### Required work
For the entries below, the result should be an exact transcription of the lines from the one with "万万没有想到，四川达州，一爸" up to and including the one with "صور| استنفار في", and only those.

### Dataset content
□ □ □ □ □

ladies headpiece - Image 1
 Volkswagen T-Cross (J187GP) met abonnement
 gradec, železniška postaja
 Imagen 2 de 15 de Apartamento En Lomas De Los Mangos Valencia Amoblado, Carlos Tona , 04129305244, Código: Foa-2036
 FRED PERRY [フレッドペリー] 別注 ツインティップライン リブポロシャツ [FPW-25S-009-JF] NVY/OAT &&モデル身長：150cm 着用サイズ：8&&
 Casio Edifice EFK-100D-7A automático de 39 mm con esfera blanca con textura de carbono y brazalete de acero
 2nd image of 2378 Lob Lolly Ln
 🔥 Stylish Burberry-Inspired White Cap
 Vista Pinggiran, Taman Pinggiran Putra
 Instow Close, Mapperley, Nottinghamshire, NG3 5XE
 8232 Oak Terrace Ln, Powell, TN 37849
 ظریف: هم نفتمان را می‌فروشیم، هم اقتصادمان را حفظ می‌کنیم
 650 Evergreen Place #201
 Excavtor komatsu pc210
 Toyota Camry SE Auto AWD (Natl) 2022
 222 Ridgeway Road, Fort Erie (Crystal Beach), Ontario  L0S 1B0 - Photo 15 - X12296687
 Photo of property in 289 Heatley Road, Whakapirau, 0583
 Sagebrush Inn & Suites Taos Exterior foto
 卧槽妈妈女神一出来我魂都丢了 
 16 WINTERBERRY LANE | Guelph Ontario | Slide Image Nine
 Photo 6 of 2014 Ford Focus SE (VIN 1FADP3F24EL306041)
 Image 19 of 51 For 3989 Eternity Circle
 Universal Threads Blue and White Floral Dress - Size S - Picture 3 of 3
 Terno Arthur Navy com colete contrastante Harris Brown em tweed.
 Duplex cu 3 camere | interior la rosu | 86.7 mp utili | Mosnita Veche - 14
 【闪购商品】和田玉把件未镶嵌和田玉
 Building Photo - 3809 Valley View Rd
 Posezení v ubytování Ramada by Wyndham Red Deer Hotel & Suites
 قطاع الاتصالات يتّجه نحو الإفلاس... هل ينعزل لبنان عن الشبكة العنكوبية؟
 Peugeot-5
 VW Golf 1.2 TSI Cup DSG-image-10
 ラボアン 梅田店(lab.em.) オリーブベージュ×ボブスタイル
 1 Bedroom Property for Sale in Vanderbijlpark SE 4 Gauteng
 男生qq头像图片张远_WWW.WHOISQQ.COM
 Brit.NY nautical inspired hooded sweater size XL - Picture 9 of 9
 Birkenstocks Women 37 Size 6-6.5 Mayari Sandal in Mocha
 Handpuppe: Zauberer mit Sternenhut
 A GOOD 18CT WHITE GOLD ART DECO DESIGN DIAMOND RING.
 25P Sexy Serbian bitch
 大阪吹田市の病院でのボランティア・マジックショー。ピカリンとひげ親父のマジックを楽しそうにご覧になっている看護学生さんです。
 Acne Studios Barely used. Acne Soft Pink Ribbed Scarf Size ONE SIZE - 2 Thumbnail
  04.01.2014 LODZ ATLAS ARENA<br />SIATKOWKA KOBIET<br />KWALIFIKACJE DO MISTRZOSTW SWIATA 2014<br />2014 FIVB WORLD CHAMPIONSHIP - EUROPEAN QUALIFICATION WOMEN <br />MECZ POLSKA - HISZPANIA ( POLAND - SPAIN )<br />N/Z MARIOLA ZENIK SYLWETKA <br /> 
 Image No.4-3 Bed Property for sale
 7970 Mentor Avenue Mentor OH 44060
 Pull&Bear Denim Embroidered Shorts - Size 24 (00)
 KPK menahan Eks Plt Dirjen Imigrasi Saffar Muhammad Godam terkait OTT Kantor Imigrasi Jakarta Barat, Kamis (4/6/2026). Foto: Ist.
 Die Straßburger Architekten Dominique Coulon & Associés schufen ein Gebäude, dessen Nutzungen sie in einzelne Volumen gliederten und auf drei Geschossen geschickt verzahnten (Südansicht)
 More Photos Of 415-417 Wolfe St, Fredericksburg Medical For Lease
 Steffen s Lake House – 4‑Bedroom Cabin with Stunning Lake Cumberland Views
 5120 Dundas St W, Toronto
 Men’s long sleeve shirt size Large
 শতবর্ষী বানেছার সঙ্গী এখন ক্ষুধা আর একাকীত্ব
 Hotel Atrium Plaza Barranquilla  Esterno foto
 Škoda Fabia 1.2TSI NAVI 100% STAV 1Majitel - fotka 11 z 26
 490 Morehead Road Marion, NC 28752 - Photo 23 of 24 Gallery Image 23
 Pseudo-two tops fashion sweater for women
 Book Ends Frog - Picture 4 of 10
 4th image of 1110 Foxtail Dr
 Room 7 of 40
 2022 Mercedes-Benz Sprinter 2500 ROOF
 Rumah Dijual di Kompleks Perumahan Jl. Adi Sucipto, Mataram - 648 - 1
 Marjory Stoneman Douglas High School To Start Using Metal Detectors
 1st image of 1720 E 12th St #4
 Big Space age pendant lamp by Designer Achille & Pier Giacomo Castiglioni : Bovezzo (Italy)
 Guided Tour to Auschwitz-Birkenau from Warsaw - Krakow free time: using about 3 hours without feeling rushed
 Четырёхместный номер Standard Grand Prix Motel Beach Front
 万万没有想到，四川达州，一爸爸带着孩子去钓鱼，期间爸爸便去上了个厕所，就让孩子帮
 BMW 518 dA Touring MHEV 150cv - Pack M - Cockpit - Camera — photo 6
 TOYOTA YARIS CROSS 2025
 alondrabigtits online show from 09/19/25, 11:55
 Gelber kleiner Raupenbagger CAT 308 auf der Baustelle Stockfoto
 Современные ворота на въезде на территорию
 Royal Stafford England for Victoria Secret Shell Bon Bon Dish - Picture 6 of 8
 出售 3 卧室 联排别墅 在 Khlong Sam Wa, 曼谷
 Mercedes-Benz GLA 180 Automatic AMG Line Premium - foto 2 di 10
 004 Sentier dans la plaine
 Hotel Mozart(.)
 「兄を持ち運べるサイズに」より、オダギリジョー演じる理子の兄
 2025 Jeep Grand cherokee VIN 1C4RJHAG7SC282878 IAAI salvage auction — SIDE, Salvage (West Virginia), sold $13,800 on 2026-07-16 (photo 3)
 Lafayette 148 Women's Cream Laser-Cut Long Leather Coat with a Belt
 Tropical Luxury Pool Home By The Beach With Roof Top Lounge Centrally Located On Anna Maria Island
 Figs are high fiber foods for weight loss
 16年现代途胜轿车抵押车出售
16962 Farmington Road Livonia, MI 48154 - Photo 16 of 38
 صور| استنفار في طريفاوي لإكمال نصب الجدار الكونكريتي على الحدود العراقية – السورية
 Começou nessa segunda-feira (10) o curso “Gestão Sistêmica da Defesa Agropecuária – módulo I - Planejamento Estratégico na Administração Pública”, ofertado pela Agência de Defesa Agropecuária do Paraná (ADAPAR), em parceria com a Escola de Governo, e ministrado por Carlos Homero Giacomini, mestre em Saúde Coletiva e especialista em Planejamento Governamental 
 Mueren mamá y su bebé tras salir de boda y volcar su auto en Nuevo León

□ □ □ □ □

### Output of the task
 万万没有想到，四川达州，一爸爸带着孩子去钓鱼，期间爸爸便去上了个厕所，就让孩子帮
 BMW 518 dA Touring MHEV 150cv - Pack M - Cockpit - Camera — photo 6
 TOYOTA YARIS CROSS 2025
 alondrabigtits online show from 09/19/25, 11:55
 Gelber kleiner Raupenbagger CAT 308 auf der Baustelle Stockfoto
 Современные ворота на въезде на территорию
 Royal Stafford England for Victoria Secret Shell Bon Bon Dish - Picture 6 of 8
 出售 3 卧室 联排别墅 在 Khlong Sam Wa, 曼谷
 Mercedes-Benz GLA 180 Automatic AMG Line Premium - foto 2 di 10
 004 Sentier dans la plaine
 Hotel Mozart(.)
 「兄を持ち運べるサイズに」より、オダギリジョー演じる理子の兄
 2025 Jeep Grand cherokee VIN 1C4RJHAG7SC282878 IAAI salvage auction — SIDE, Salvage (West Virginia), sold $13,800 on 2026-07-16 (photo 3)
 Lafayette 148 Women's Cream Laser-Cut Long Leather Coat with a Belt
 Tropical Luxury Pool Home By The Beach With Roof Top Lounge Centrally Located On Anna Maria Island
 Figs are high fiber foods for weight loss
 16年现代途胜轿车抵押车出售
16962 Farmington Road Livonia, MI 48154 - Photo 16 of 38
 صور| استنفار في طريفاوي لإكمال نصب الجدار الكونكريتي على الحدود العراقية – السورية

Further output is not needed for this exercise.